===== Material for this exercise

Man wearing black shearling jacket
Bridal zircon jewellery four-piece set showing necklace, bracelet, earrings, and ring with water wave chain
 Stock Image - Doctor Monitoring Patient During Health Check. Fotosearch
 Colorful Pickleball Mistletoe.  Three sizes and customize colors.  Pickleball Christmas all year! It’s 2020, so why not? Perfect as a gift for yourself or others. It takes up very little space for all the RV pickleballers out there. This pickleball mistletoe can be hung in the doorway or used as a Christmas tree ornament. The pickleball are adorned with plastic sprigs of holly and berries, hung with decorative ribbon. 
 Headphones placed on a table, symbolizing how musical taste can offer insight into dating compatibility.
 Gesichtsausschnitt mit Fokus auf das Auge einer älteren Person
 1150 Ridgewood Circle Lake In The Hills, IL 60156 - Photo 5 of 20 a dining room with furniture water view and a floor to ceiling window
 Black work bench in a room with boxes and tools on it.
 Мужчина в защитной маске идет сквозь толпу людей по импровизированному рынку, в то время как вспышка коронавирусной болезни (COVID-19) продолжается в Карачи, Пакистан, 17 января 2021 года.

==========

[Your assignment] Output the line bearing "Bridal zircon jewellery" along with all the lines after it through the end of the entries, exactly, and no other lines.

[Exercise answer]
Bridal zircon jewellery four-piece set showing necklace, bracelet, earrings, and ring with water wave chain
 Stock Image - Doctor Monitoring Patient During Health Check. Fotosearch
 Colorful Pickleball Mistletoe.  Three sizes and customize colors.  Pickleball Christmas all year! It’s 2020, so why not? Perfect as a gift for yourself or others. It takes up very little space for all the RV pickleballers out there. This pickleball mistletoe can be hung in the doorway or used as a Christmas tree ornament. The pickleball are adorned with plastic sprigs of holly and berries, hung with decorative ribbon. 
 Headphones placed on a table, symbolizing how musical taste can offer insight into dating compatibility.
 Gesichtsausschnitt mit Fokus auf das Auge einer älteren Person
 1150 Ridgewood Circle Lake In The Hills, IL 60156 - Photo 5 of 20 a dining room with furniture water view and a floor to ceiling window
 Black work bench in a room with boxes and tools on it.
 Мужчина в защитной маске идет сквозь толпу людей по импровизированному рынку, в то время как вспышка коронавирусной болезни (COVID-19) продолжается в Карачи, Пакистан, 17 января 2021 года.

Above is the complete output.